WORK TO COMPLETE: Nothing but the text of the records should come back; copy it exactly and leave the pictures out.
_ _ _ _
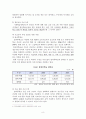 기회 평등 정책(종류, 현황, 프로그램, 정책 효과 사례, 개선 방안) 9페이지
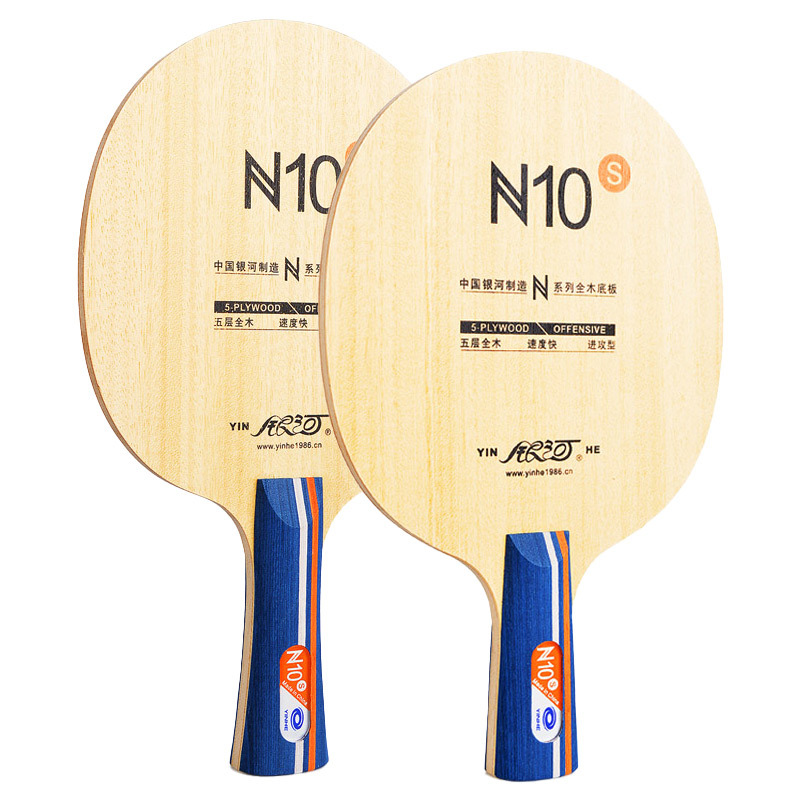 YINHE N10s Tafeltennisblad 5-l - Table Tennis Blades recensie en prijs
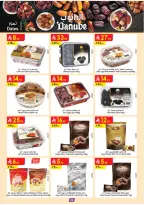 Ofertas de Danube Eastern Province de 17 a 30 Dhuʻl-Hijjah 1447 AH (3 – 16 junio 2026) Ofertas de la Copa del Mundo - Danube - Arabia Saudita - 3 junio 2026 – 16 junio 2026 - Página 22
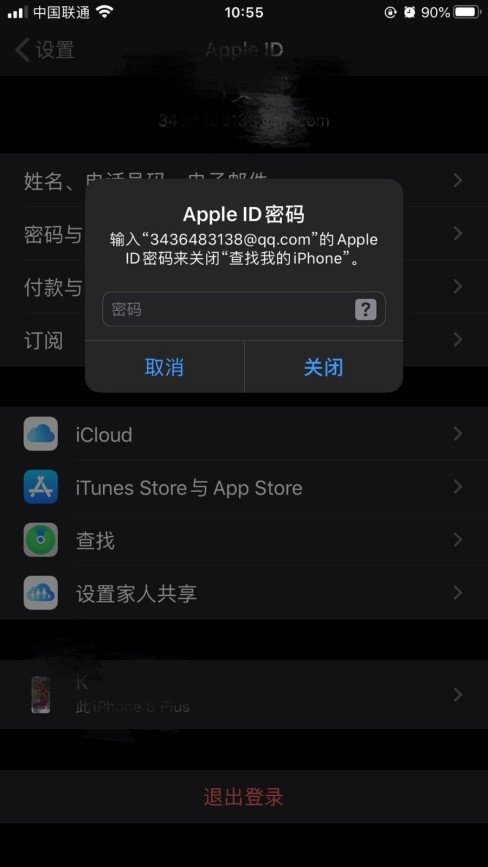 手机蓝屏怎么办？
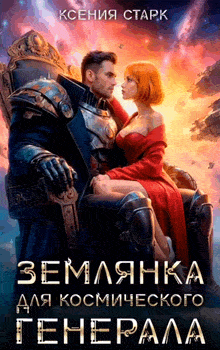 Землянка для космического генерала — Ксения Старк
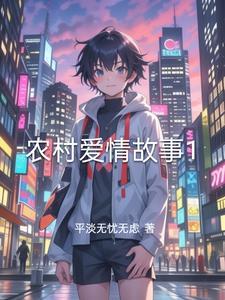 农村爱情故事100篇免费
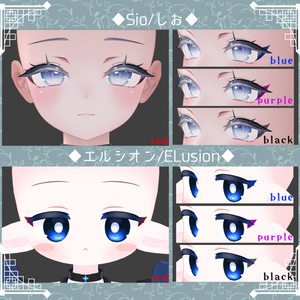 【27アバター対応】隈取りメイクテクスチャ Make up texture 缩略图 11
_ _ _ _
EXERCISE RESULT:
 기회 평등 정책(종류, 현황, 프로그램, 정책 효과 사례, 개선 방안) 9페이지
 YINHE N10s Tafeltennisblad 5-l - Table Tennis Blades recensie en prijs
 Ofertas de Danube Eastern Province de 17 a 30 Dhuʻl-Hijjah 1447 AH (3 – 16 junio 2026) Ofertas de la Copa del Mundo - Danube - Arabia Saudita - 3 junio 2026 – 16 junio 2026 - Página 22
 手机蓝屏怎么办？
 Землянка для космического генерала — Ксения Старк
 农村爱情故事100篇免费
 【27アバター対応】隈取りメイクテクスチャ Make up texture 缩略图 11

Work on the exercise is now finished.